Le Journal de Montreal

Une directive au premier ministre du Canada

- LOUIS BUTCHER

Malgré sa déveine en 1978, Jean-Pierre Jarier garde de bons souvenirs de Montréal, en nous racontant une anecdote particuliè­rement savoureuse qui démontre clairement que la F1 a bien changé.

Après avoir obtenu la position de tête, on lui demande de rencontrer le premier ministre du Canada, à qui on avait confié la tâche de donner le départ. Pas de farce.

« Pierre Elliott Trudeau ne savait pas, souligne-t-il, comment procéder pour libérer le peloton et comme je m’élançais de la première position, je lui avais donné quelques conseils.

« Je lui ai dit qu’il fallait agir vite parce que les voitures n’avaient pas de ventilateu­rs et qu’il y avait risque de surchauffe. Je l’ai avisé qu’il devait attendre que la dernière monoplace soit immobilisé­e sur la grille pour actionner le feu vert.

« Il m’a alors demandé si on avait des rétroviseu­rs. Je lui ai répondu : “Bien évidemment.” On s’est donc entendus sur la procédure.

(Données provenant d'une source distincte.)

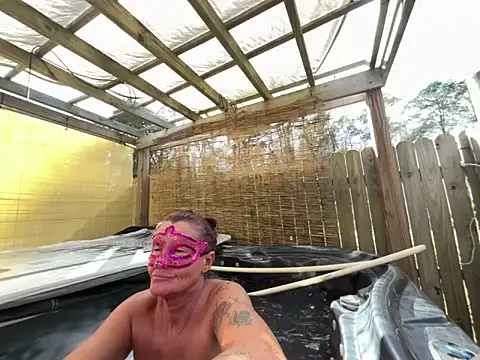 Snapshot of prainxxx22 chatting on November 13, 7:13 pm prainxxx22 online show from November 13, 7:13 pm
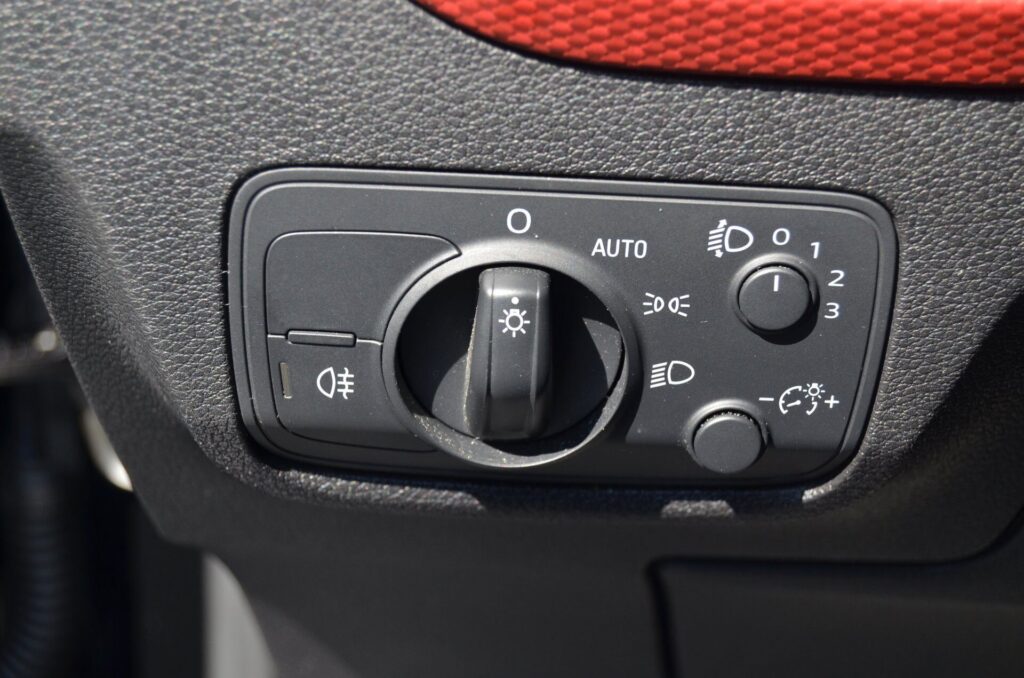 Audi Q2 SUV - foto 20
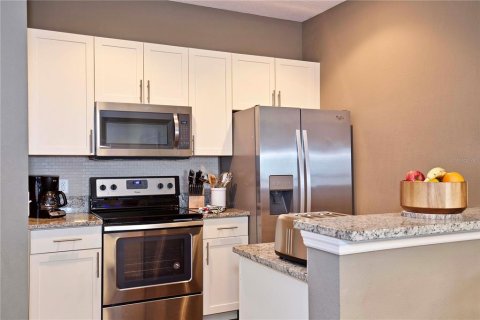 Touwnhouse à vendre à Kissimmee, Floride: 3 chambres, 120.77 m2 № 2310861 - photo 8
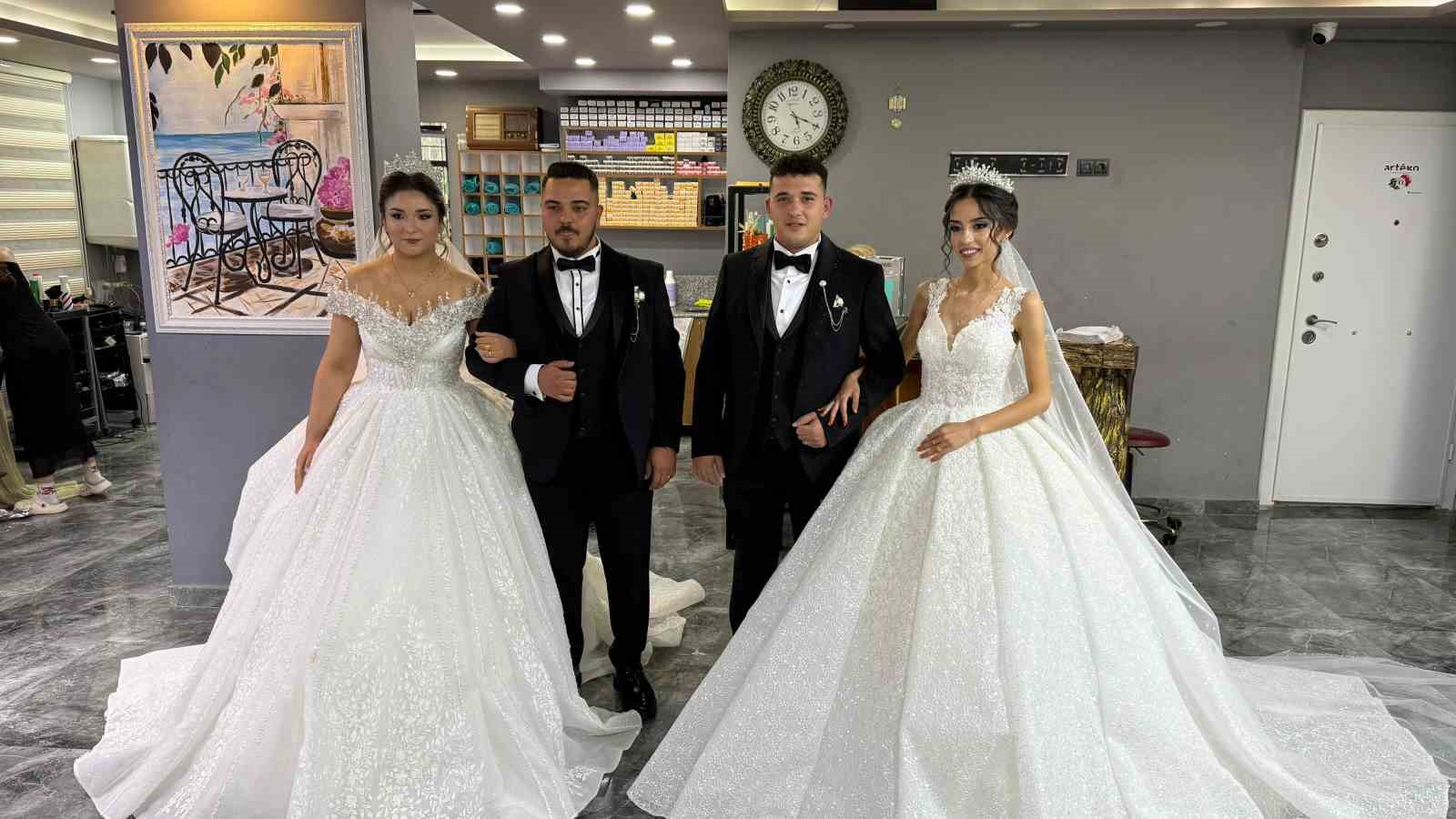 Bu düğünde her şey ’aynı’: Aynı yaştaki kardeşler, aynı yaştaki gelinlerle, aynı anda dünya evine girdi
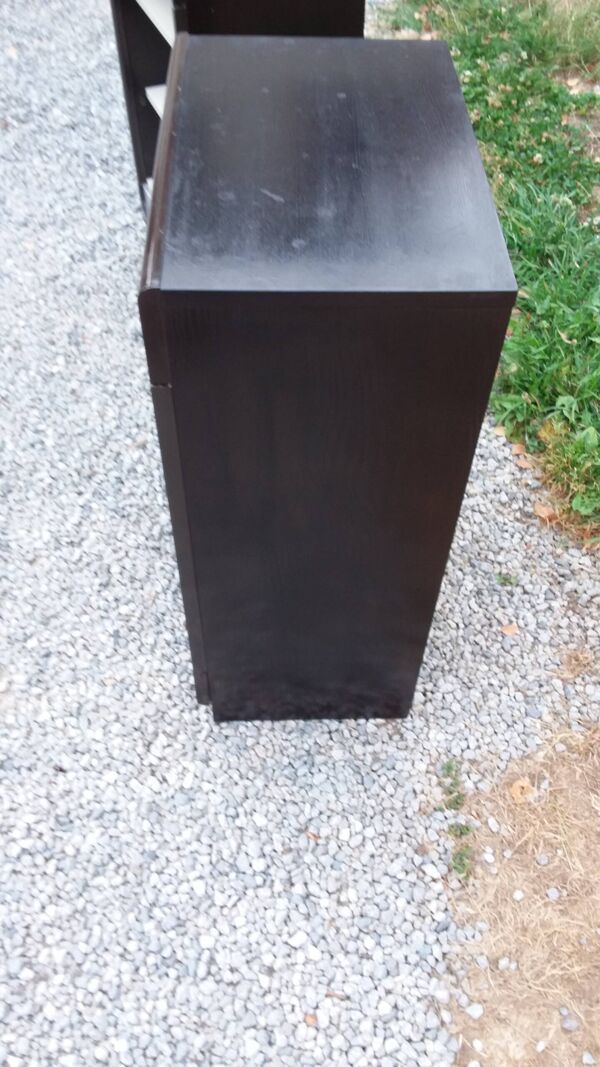 Paire de chevets design des années 70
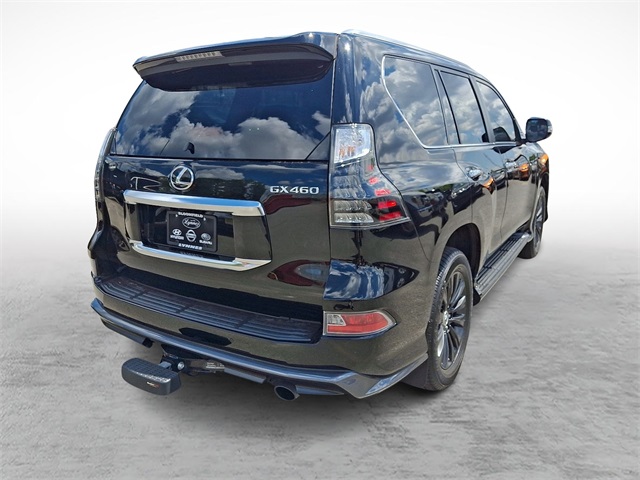 2023 Lexus GX 460 Luxury Image 8 of 31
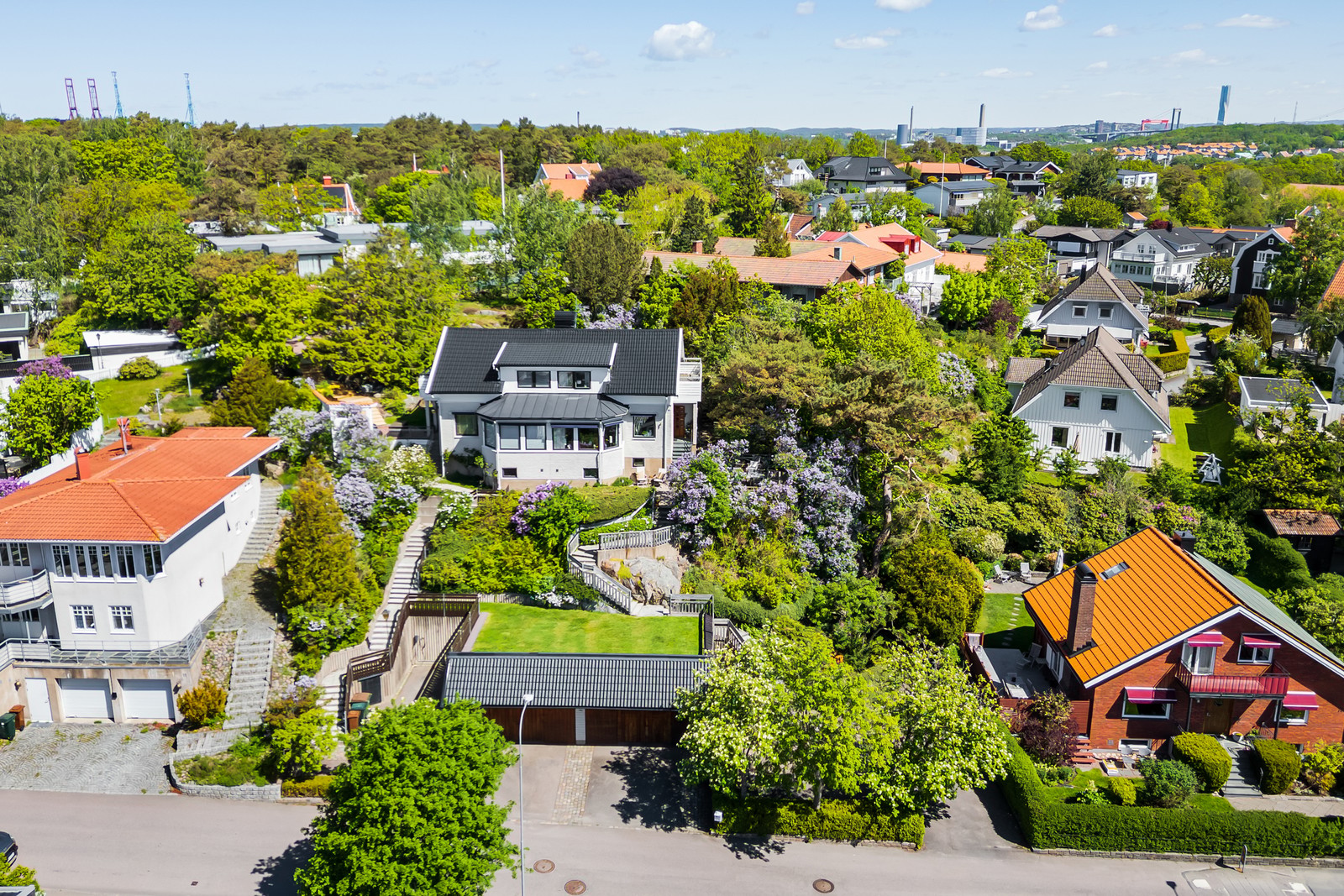 Bild på hela parhuset...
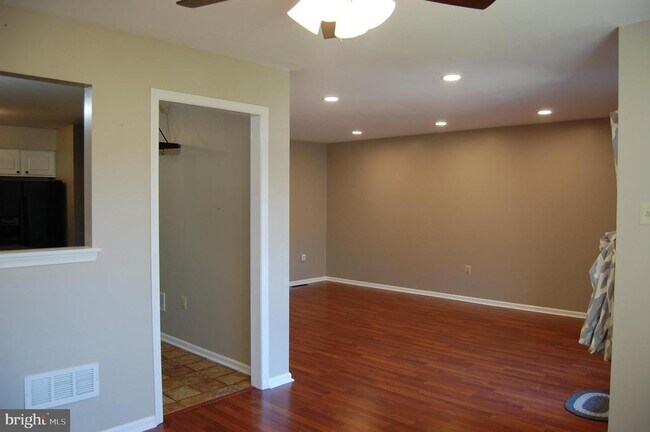 Building Photo - 131 Red Haven Dr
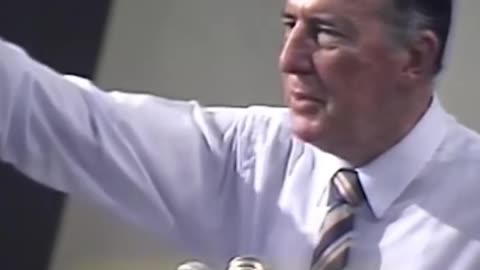 Kutuk Keluarga atau Warisan Rohani?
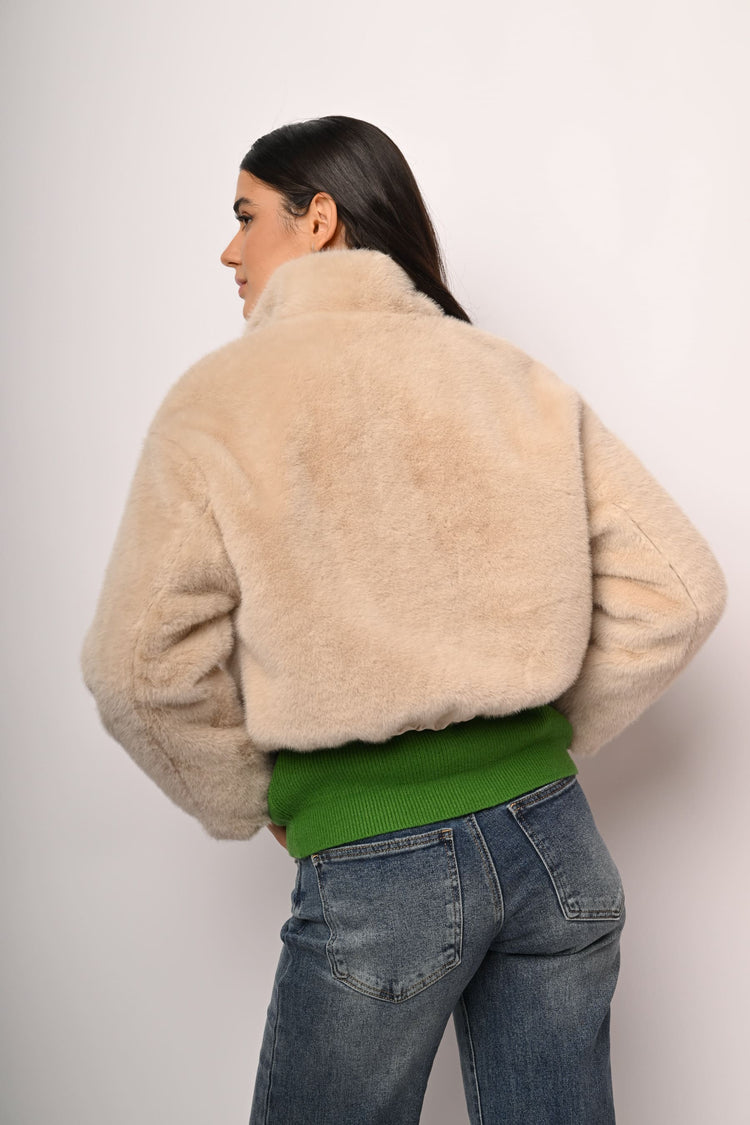 Bomber in faux fur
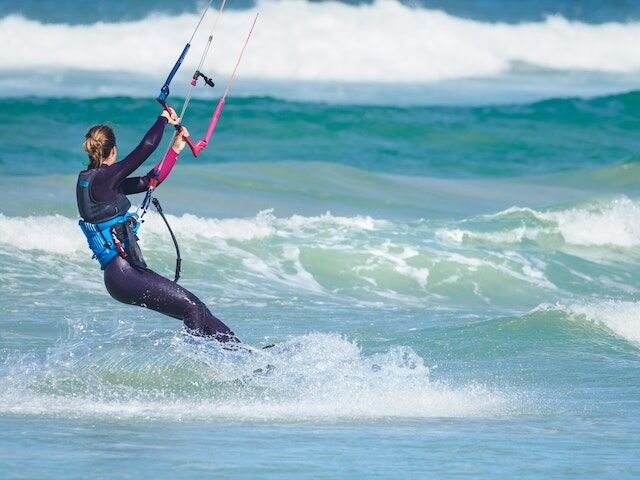 windsurfing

« Ainsi, quand j’ai constaté que toutes les voitures s’étaient arrêtées [ou presque…], il m’a regardé et je lui ai fait signe de donner le départ. »

DÉPARTS ARRÊTÉS, VRAIMENT ?

À cette époque, les départs, quoiqu’en position arrêtée, étaient donnés sans véritable consigne.

Les monoplaces s’arrêtaient à peine entre le feu rouge et les feu vert et il n’y avait pas de capteurs pour sanctionne­r ceux qui anticipaie­nt le départ. Tous les pilotes trichaient.

Comme quoi la sécurité n’était pas une priorité. Aujourd’hui, une seule personne est autorisée à donner le départ du Grand Prix, soit Charlie Whiting, le directeur de course de la Fédération internatio­nale de l’automobile.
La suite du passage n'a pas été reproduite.